Only I'm not a teacher anymore. I'm a stay-at-home mother, I guess, since I stay at home with my children and manage the endless tasks of running a home: the shopping, cooking, washing, folding, cleaning, reading, singing, wiping, bandaging, kissing, carrying, and driving, driving, driving. But since I also employ a part-time baby-sitter while I write for newspapers and magazines, I'm a working mother too. Sometimes my work becomes more full-than part-time, and my husband has to spend evenings and weekends doing my job as a stay-at-home mom so I can finish something for my other job as a freelance writer.
This combination of roles and responsibilities is neither tidy nor clear. But I prefer the confusion to any seemingly plainer label worn like a placard for people to see and think they understand. Professional and political categories are supposed to be clarifying, a social shorthand that ostensibly conveys the crucial facts about a new acquaintance. "Didn't change her name when she got married, must be a feminist," a person being introduced at a party might think rapidly to himself: "Gotta stay away from family values and lesbian light bulb jokes."
But such terms rarely clarify anything. Besides the fact that real people often deviate from opinions presumed of those in a particular category, most people wear more than one label, and those labels can exist in diametric opposition to each other. I am, for example, a Southern, married, liberal, middle-aged, white, Catholic, feminist, stay-at-home mother of three who makes a living as a freelance writer. Many of these terms imply contradictory opinions, but since none of them alone reflects me in sum, I'm stuck with them all.
Which role I play depends partly upon which stage I happen to be standing on. And yet this shape-shifting identity, this lack of a fixed pole by which to locate myself, causes me no real anxiety because the part of me called into being by each context is usually clear.

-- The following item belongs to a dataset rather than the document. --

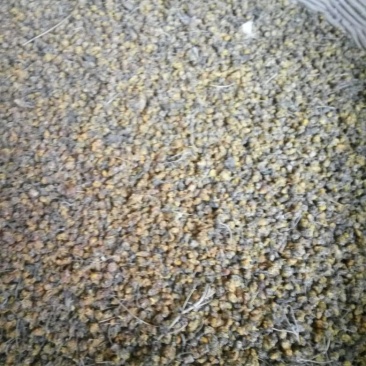 野菊花散装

At my son's school, for instance, I am called by my married name, but my professional by-lines carry the name I was born with. In meetings at church, I keep my opinion about fertility issues to myself; among liberal academic friends, I see no reason to bring up my prayer life. Some people would call this hypocrisy. I call it reality.

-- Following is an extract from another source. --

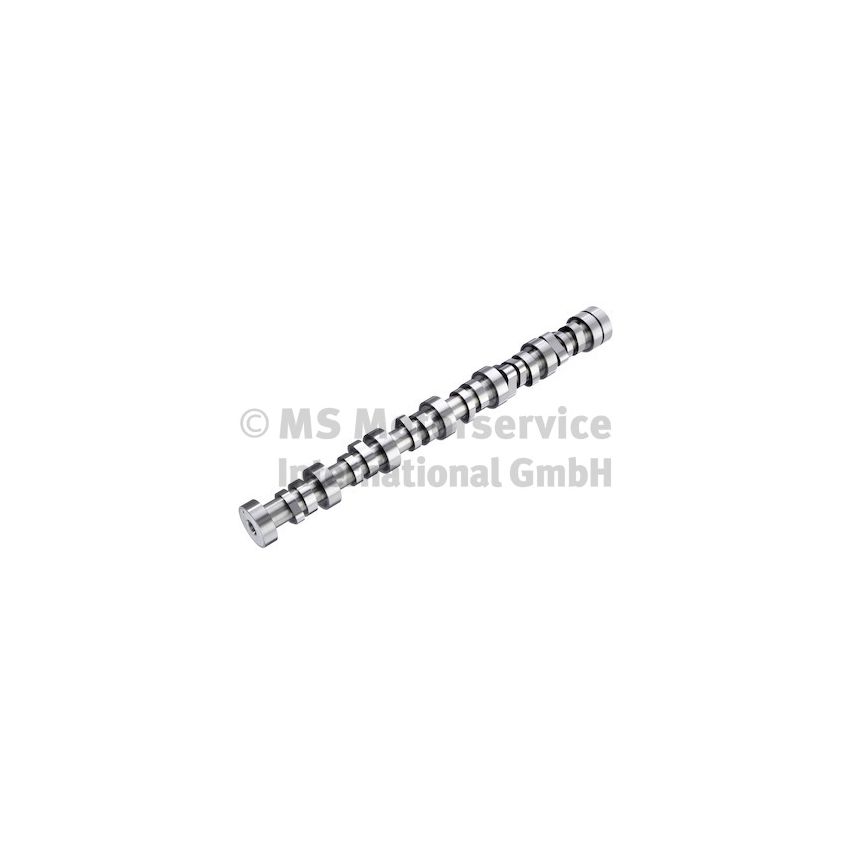 WAŁEK ROZRZĄDU BF 20100913001 DAF MX13 17-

We have a name for people who willingly wear only one label. The political world is full of them--Christian conservatives, feminists, environmentalists--ideologues who worry and nudge the same worn topic over and over like a cat with a half-dead chipmunk. People who do not alter their behavior according to context, who cavil and carp about their own pet topics no matter whether they're a guest in someone's home, sitting with colleagues at the company canteen, or waiting in the hook-up line at their children's school--we commonly call such people bores.
"A foolish consistency is the hobgoblin of little minds," Ralph Waldo Emerson famously indited, and here at the end of the 20th century his words ring particularly true. Unfortunately, though, ideologues these days are often far worse than mere bores. If he were writing in today's political climate, Emerson might have felt compelled to omit the word foolish and substitute dangerous instead.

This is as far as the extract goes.